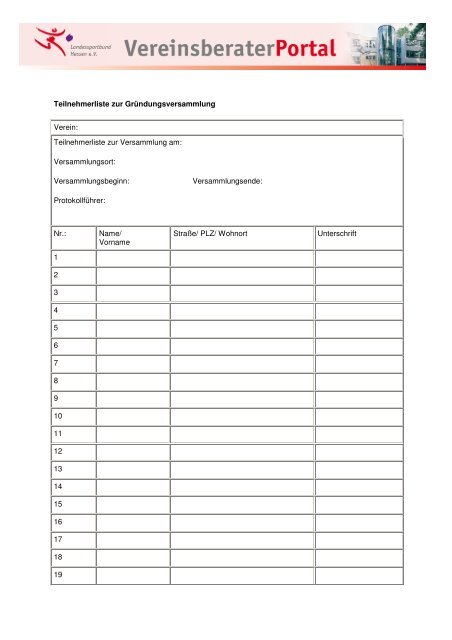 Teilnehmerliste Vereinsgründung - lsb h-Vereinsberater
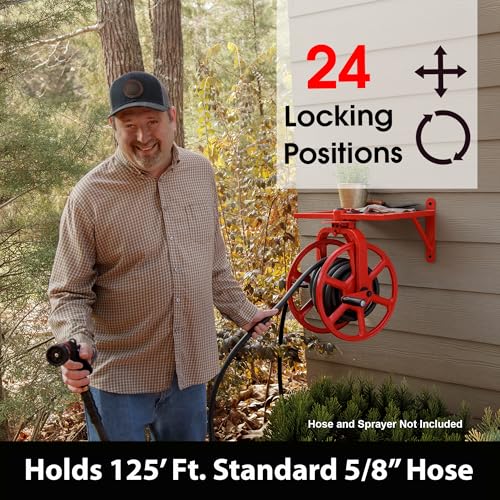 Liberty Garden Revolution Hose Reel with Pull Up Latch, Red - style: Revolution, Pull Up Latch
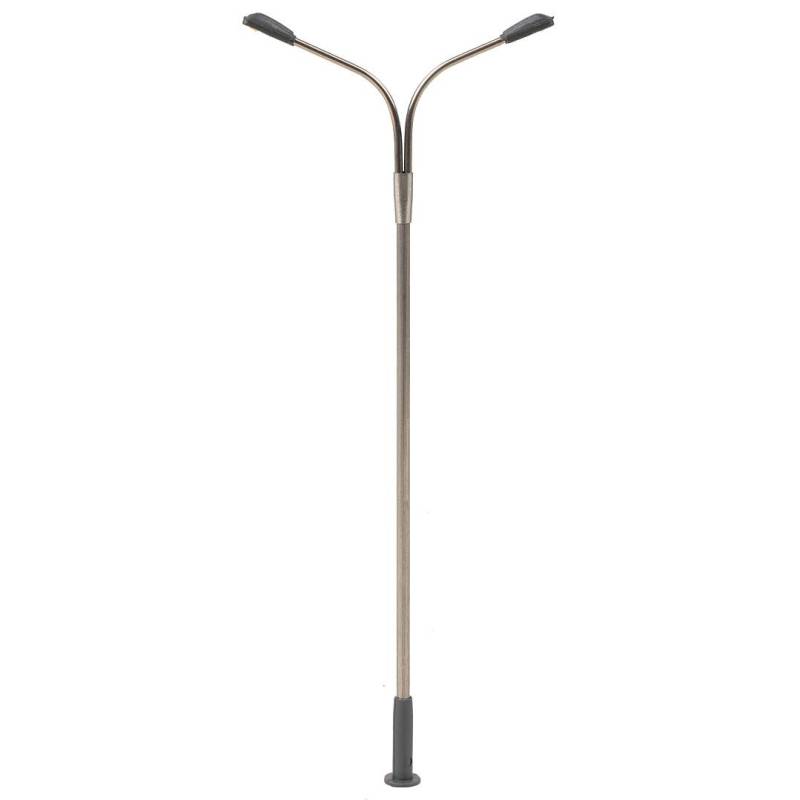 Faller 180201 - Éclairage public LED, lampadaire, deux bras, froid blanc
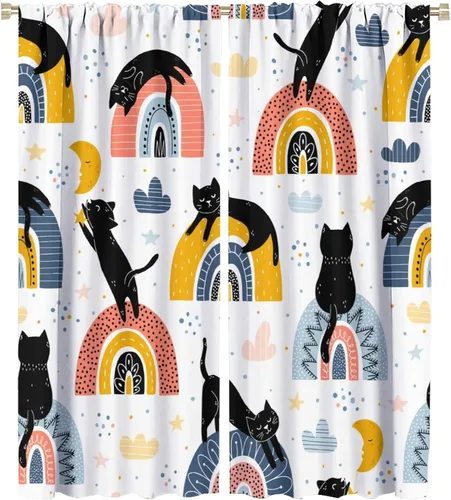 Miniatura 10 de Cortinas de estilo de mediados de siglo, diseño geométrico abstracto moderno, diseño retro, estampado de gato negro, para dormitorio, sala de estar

★ ★ ★ ★ ★

| TASK INSTRUCTIONS |
Transcribe only the lines between the line containing "Liberty Garden Revolution" and the final line of the listing, inclusive, exactly as they appear; no pictures are to be included.

| ANSWER SPACE |
 Liberty Garden Revolution Hose Reel with Pull Up Latch, Red - style: Revolution, Pull Up Latch
 Faller 180201 - Éclairage public LED, lampadaire, deux bras, froid blanc
 Miniatura 10 de Cortinas de estilo de mediados de siglo, diseño geométrico abstracto moderno, diseño retro, estampado de gato negro, para dormitorio, sala de estar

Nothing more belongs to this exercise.